◆ **PROBLEM DESCRIPTION**
Every entry below must be retyped exactly, and the pictures must be left out.

◆ **GIVEN DATA**
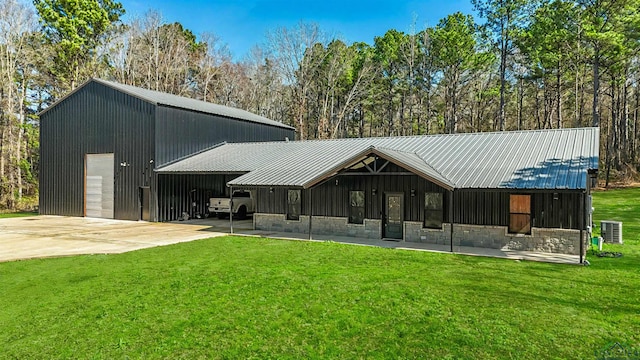 view of front of property with a garage, an outdoor structure, a front yard, and central air condition unit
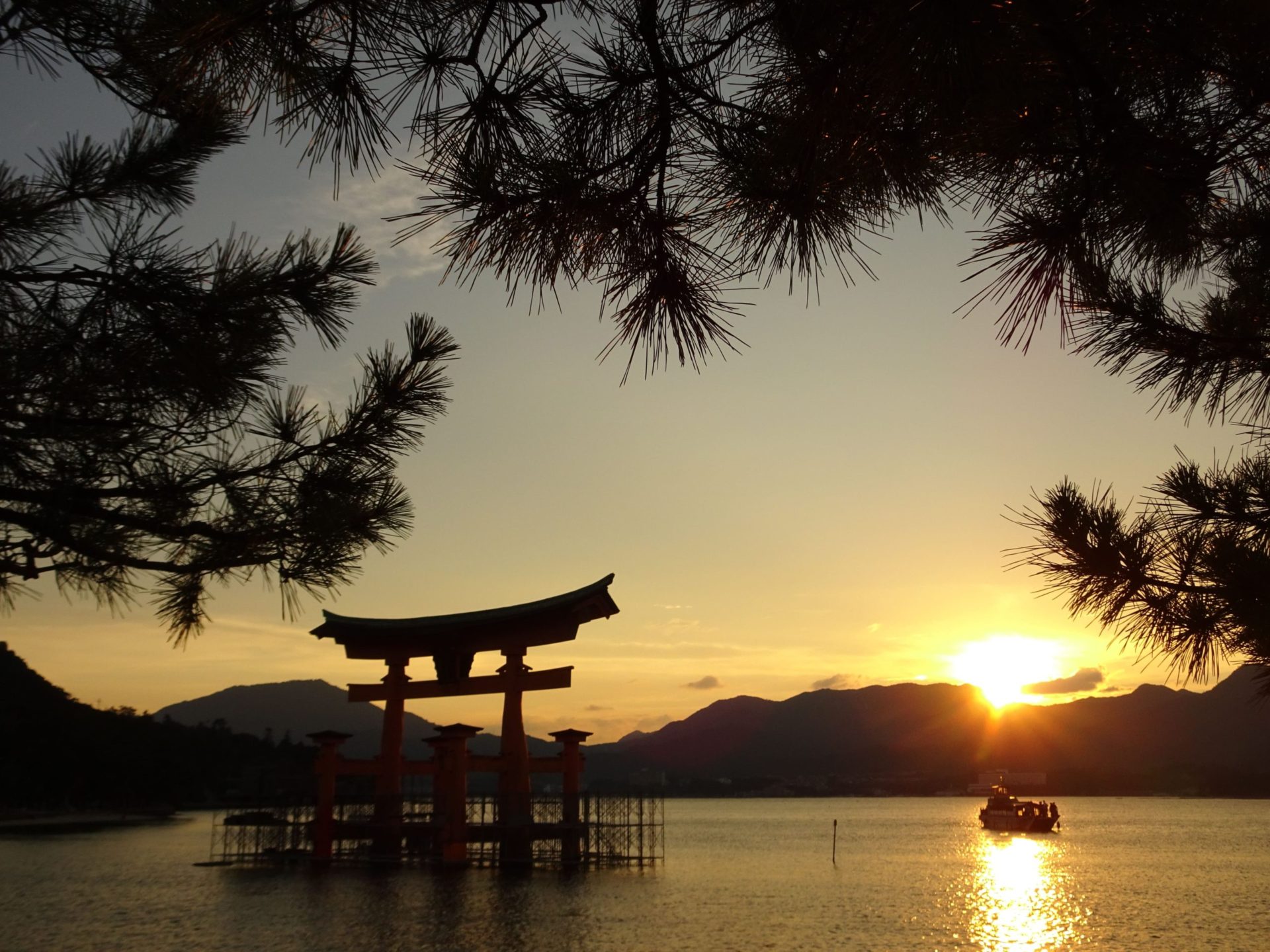 A red wooden gateway in the Ocean with a setting sun in the background and a boat passing
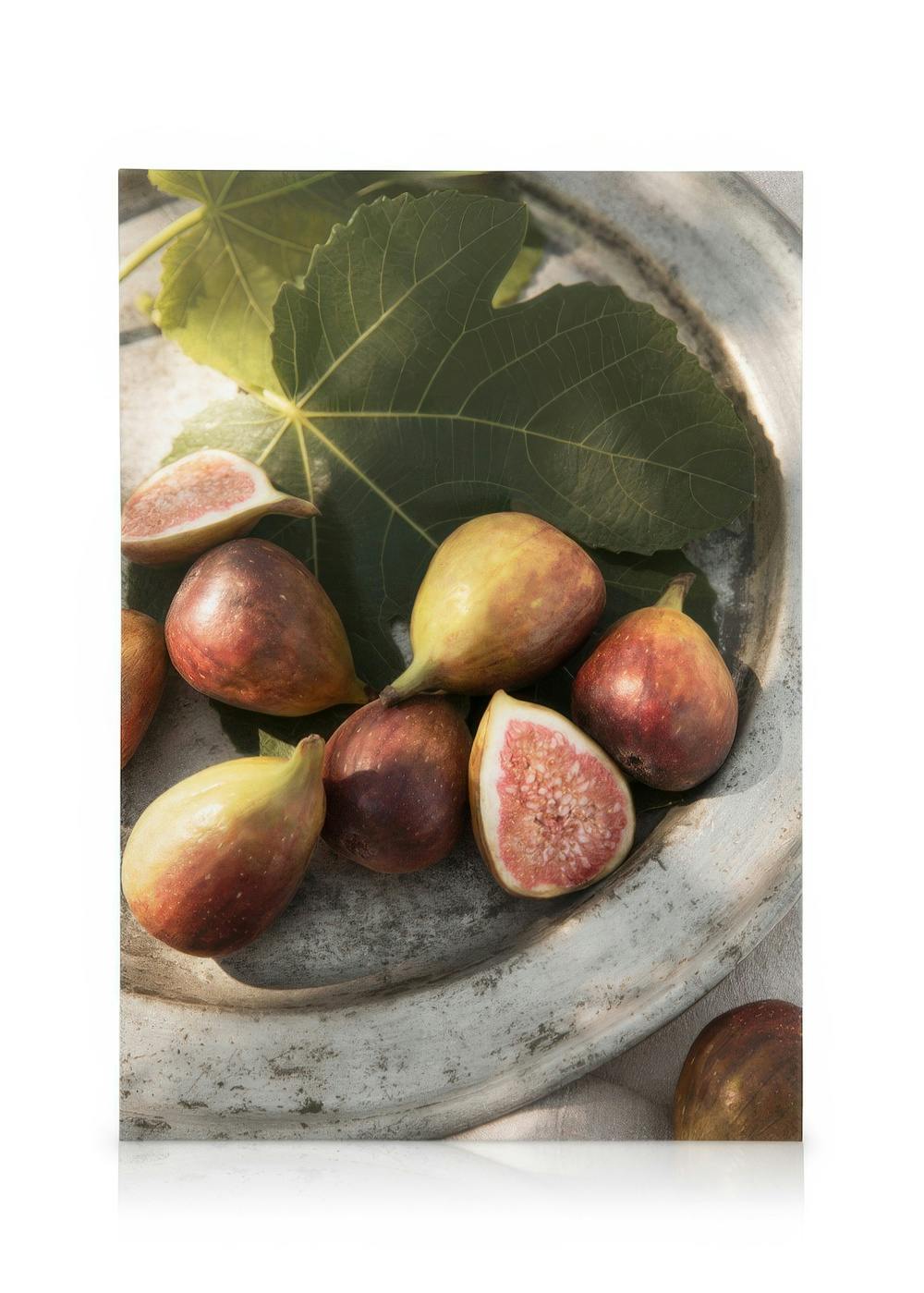 Higos maduros en plato rústico con hoja verde, tonos púrpura, rojo y blanco, fotografía naturaleza muerta.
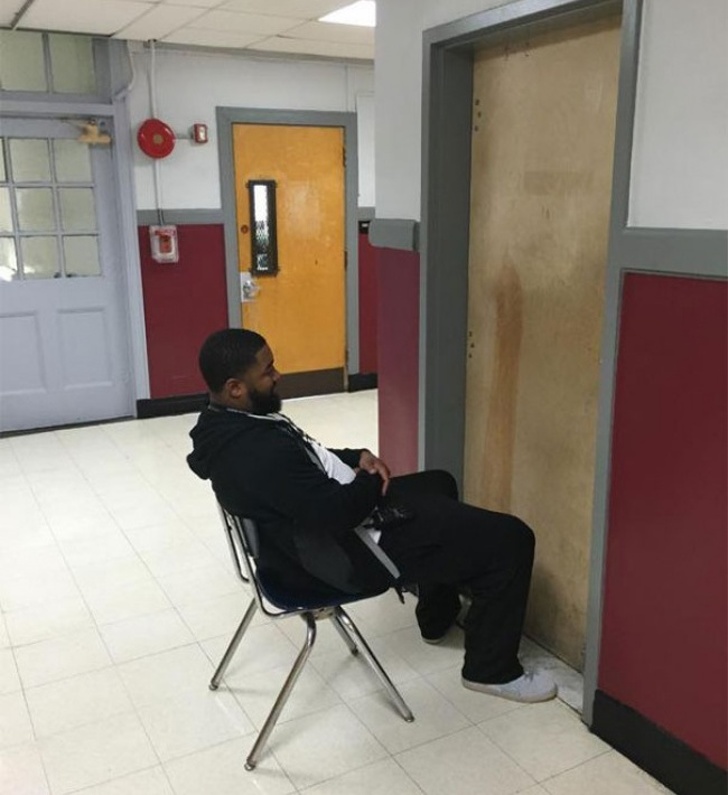 He is waiting for his female student to come out who is smoking in the washroom!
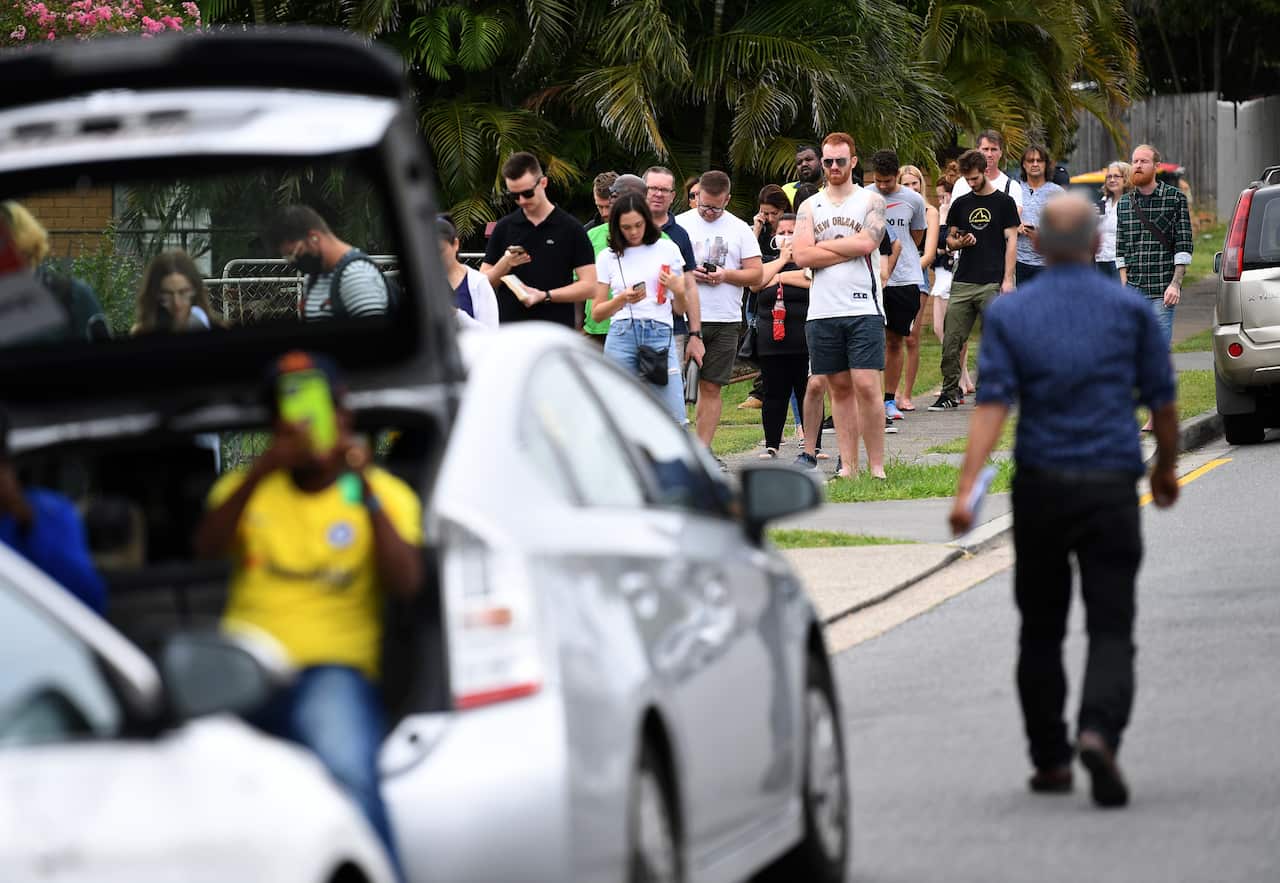 People are seen in a long queue outside a Centrelink office in Brisbane.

◆ **RESPONSE TO THE EXERCISE**
 view of front of property with a garage, an outdoor structure, a front yard, and central air condition unit
 A red wooden gateway in the Ocean with a setting sun in the background and a boat passing
 Higos maduros en plato rústico con hoja verde, tonos púrpura, rojo y blanco, fotografía naturaleza muerta.
 He is waiting for his female student to come out who is smoking in the washroom!
 People are seen in a long queue outside a Centrelink office in Brisbane.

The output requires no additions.